TITLE: Am I Really A Stroller-Monger?

Article:

Am I Really A Stroller-Monger? by: David Leonhardt

I was reading 'A Modern Infant Armada', a humor column in Maclean's Magazine written by a fellow humor columnist. Writing about it now is a bit like a painter painting another painter or a singer singing about another singer (but it not like a cook cooking another cook.).

David Russell (yes, another humor columnist named David) laughs at his neighbor for parking both cars in the driveway to make room in the garage for four strollers for just one child. I laughed with him. Four strollers for just one baby is ridiculous, right?

However, David Russell becomes a parent himself, a condition that afflicts many unsuspecting homo sapiens, and he concludes that a call to his neighbor is warranted: 'I need to see if he can help me get a fleet rate.'

'Traitor!' I cried out. 'Stroller monger!'

'Who's a traitor?' my wife asked as she walked in the room. 'And just what is a stroller monger.'

I resisted the obvious answer '“ that a stroller monger is somebody who mongs strollers. 'David Russell. He says that one stroller is enough for any child, but then he decides to buy an entire fleet.'

'Say, we could have saved a bundle if we had applied for a fleet rate,' my wife mused.

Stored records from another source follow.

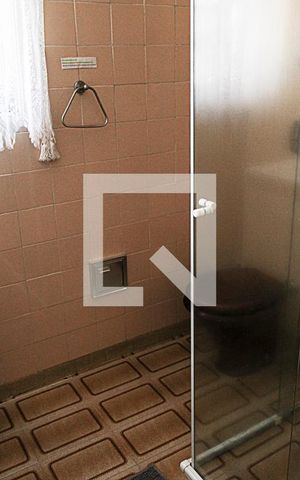 Casa à venda com 95m², 2 quartos e 1 vaga Casa à venda com 95m², 2 quartos e 1 vagaBanheiro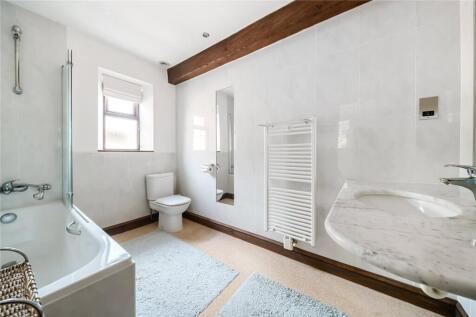 En Suite Bathroom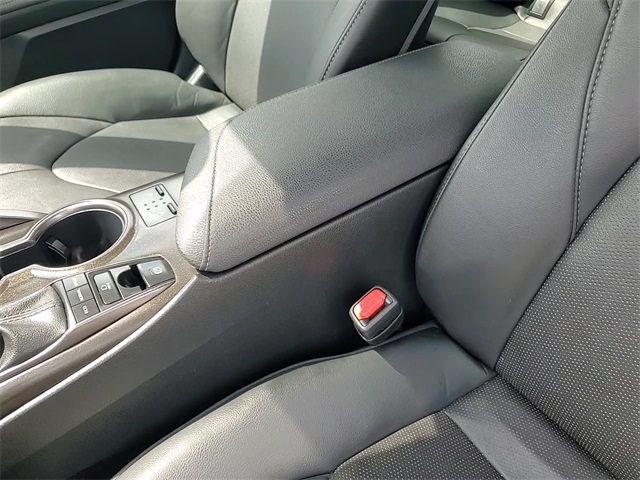 2024 Toyota Camry XSE photo 19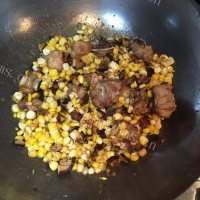 鲜美的玉米粒排骨饭做法图解8)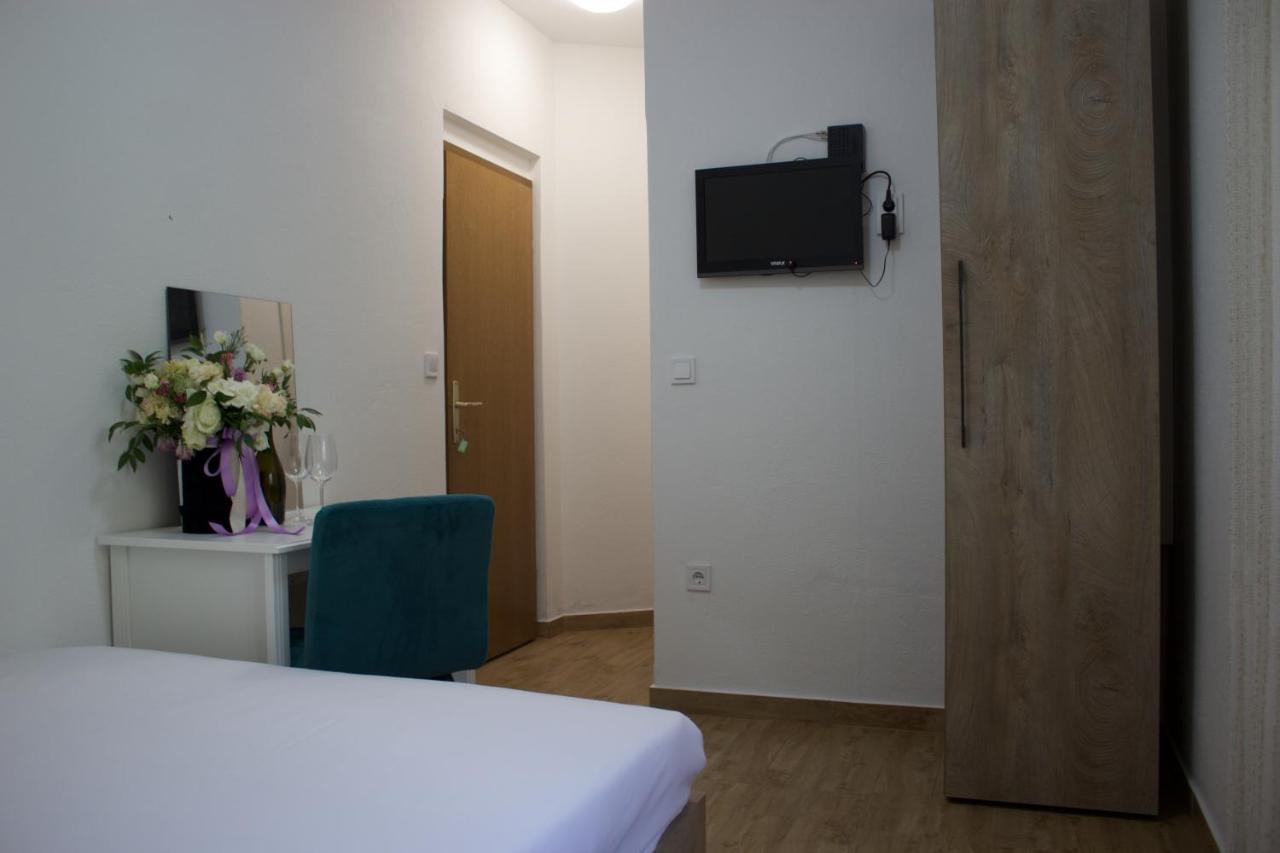 Apartmani Bauk 普契什查 外观 照片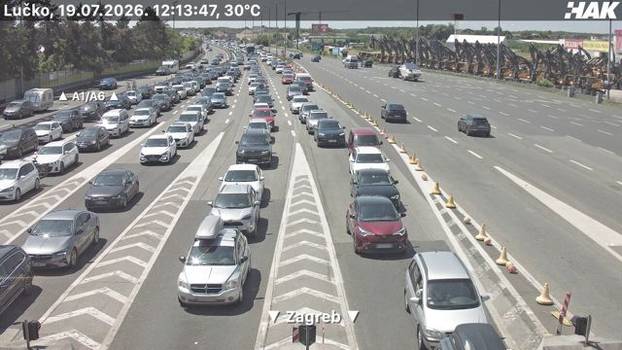FOTO Kraj vikenda donosi velike gužve! U smjeru Zagreba kolona je već 8 km:   Pripremite živce...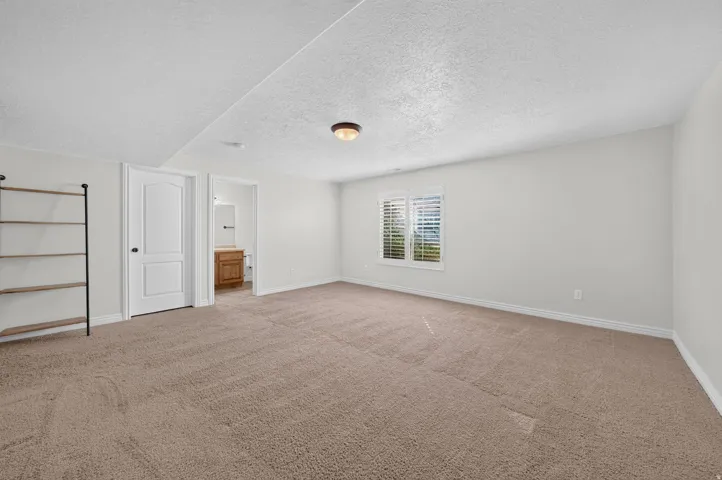 Flex space with full bathroom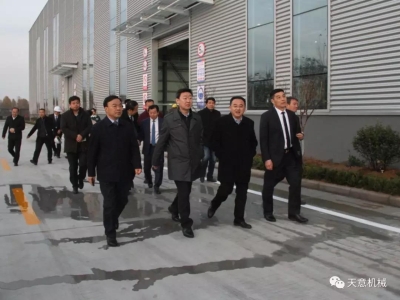 山東省住建廳黨組成員、副廳長(zhǎng)張曉海蒞臨天意機(jī)械調(diào)研指導(dǎo)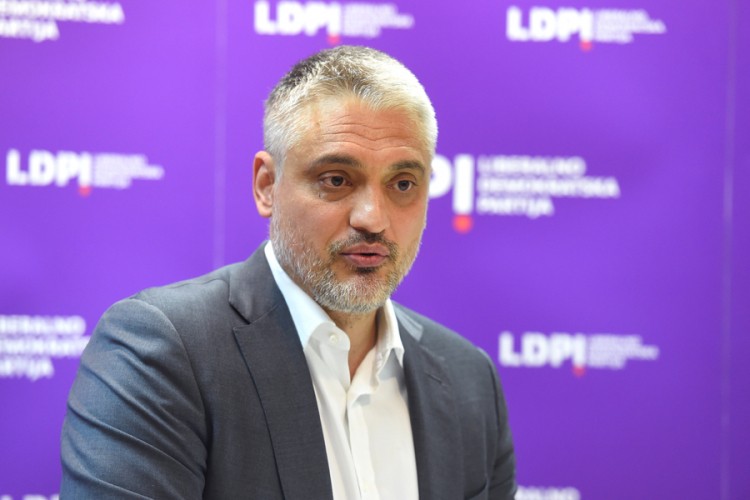 Чедомир Јовановић није освојио ни један одсто гласова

'What? We don't have four strollers.'

My wife smiled. It was a sweet smile you could just fall in love with...if you did not know that it meant, 'Oh yes we do!'

'We do not.'

'My wife took out her counting fingers. 'First there is the car seat,' she said, pressing down the first finger. 'We snap it into the stroller base whenever we go anywhere.'

'OK, that's one.'

'Then there is the SUV,' she said, pressing down on a second finger. The 'SUV' is a full sized stroller. We bought it when we were still squeezing it on a downtown apartment. With no storage space, it stood in the entrance area, blocking our path to the kitchen and any hope of escaping if the place caught fire. The SUV is the Hummer of strollers.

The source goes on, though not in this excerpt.